Köyden bir asker çıkar. Subay veya astsubay ferketmez, bayramda seyranda resmi kıyafeti ile köye gelir, mahallenin çocukları asker olmak isterdi.
Köyden bir öğretmen çıkar, giydiği kıyafet, oturması konuşması insanların dikkatini çeker, köyün çocuklarından öğretmen olmaları istenirdi.
Köyden bir mühendis çıkar, birkaç yılda aldığı araba ile köyün ağasını geride bırakıverir, köyün çocukları daha iyisinin olduğunu fark ederdi.
Doktorluğu hiç saymıyorum, o ezelden beri çocukların ve ailelerin kızıl elmasıydı.
Hayat güzel örnekler üzerinde şekilleniyor. Hoş şimdi kızıl elmaya, yani doktorluğa ulaşanlar bile büyük hayal kırıklığı içindeler ya neyse, biz devam edelim.
Naim Süleymanoğlu başarınca ardından bi çok şampiyon haltercimiz oldu.
Şimdilerde gençlerin idolü Selçuk Bayraktar ve insansız hava, kara ve deniz araçları.

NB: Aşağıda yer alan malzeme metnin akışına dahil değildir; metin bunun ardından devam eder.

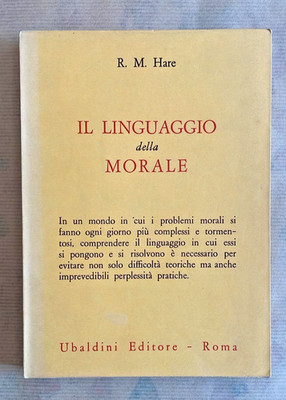 DIE SPRACH DER MORAL - R. M. HARE - UBALDINI 1968 - ERSTE AUSGABE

Bu duygularla dolaştım, Nihat Zeybekçi Kongre Kültür merkezindeki “Bilim, Sanat Ve Teknoloji Genç Yetenekler Festivali” sergisini.
Bi o çocukların gözlerindeki heyecanı, kafalarındaki hayali düşündüm, bir de memleketimizin torpile dayalı iş, makam, mevki sahibi olunabilen uygulamalarını. KPSS sonrası mülakatı bile kaldıramadık.
Liseden, hatta ortaokuldan başlayarak, üniversiteler dahil, eğitim kurumlarımız insan öğütmek üzerine kurulu. Okullara hayallerini geliştirmek için, yani eğitim almak için gelenlerle, sosyalleşmek için gelenleri aynı kampüsün içine doldurduğumuz, ihtiyacımızın çok ötesinde üniversiteler ile oyalanıp duruyoruz. Bunun sonrası patinaj.
Elbette ki Bayraktar’ın öncülüğünü ve rol modelliğini yaptığı umut ışığını yadsıyamayız. Ama eğitim-uygulama-inovasyon yolculuğunun tenceredeki mısır taneleri gibi olması gerektiğinin de farkında olmalıyız. 100 yıllık cumhuriyetin modern eğitim ve modern üniversite üzerine kurulu yolculuğunda, tıpkı ısıtılan mısır tanelerinin ardı sıra patlayarak çiçek açmaya durduğu gibi; tıp, felsefe, genetik, fizik, kimya, hasılı hayatın hemen her alanında inovatif çiçeklerin açmasını beklerdik.
Çiçekler muhakkak ki açacak ama hızla kaosa doğru sürüklenen dünyada süreç zamana ve bize bırakılmayabilir diye endişeleniyorum.
Kısaca demek istiyorum ki; eğitebileceğimiz kadar öğrenciye imkanlarımızı yığarak süreci hızlandırmamız gerekiyor. Üniversitelerin kontenjanları sınırlandırılarak başlayabiliriz. İyi üniversitelerden az mezun verirsek, mezunları mülakat ile alınsalar bile belirli bir seviyenin üstünde olurlar.
Yok hayır üniversiteleşme sürecinden geri dönüş olmayacak ise, KPSS de mülakatı kaldıralım. Çocuklarımızın kafasında çalışırsam, eğitimin hakkını verirsem, başarırsam, bu işin sonu bahar olur dedikleri, öngörülebilir bir süreç hayali olsun. Olsun ki motivasyonları hep yüksek olsun.
İçinden çürüyen bir ağacın, bir süre daha çiçek açmasına aldandığımızı fark ettiğimizde, artık geç olduğu gibi, toplum çürümesi de geç fark edilen ve telafisi olmayan bir durumdur diyerek feryadımızı şuracığa koyalım.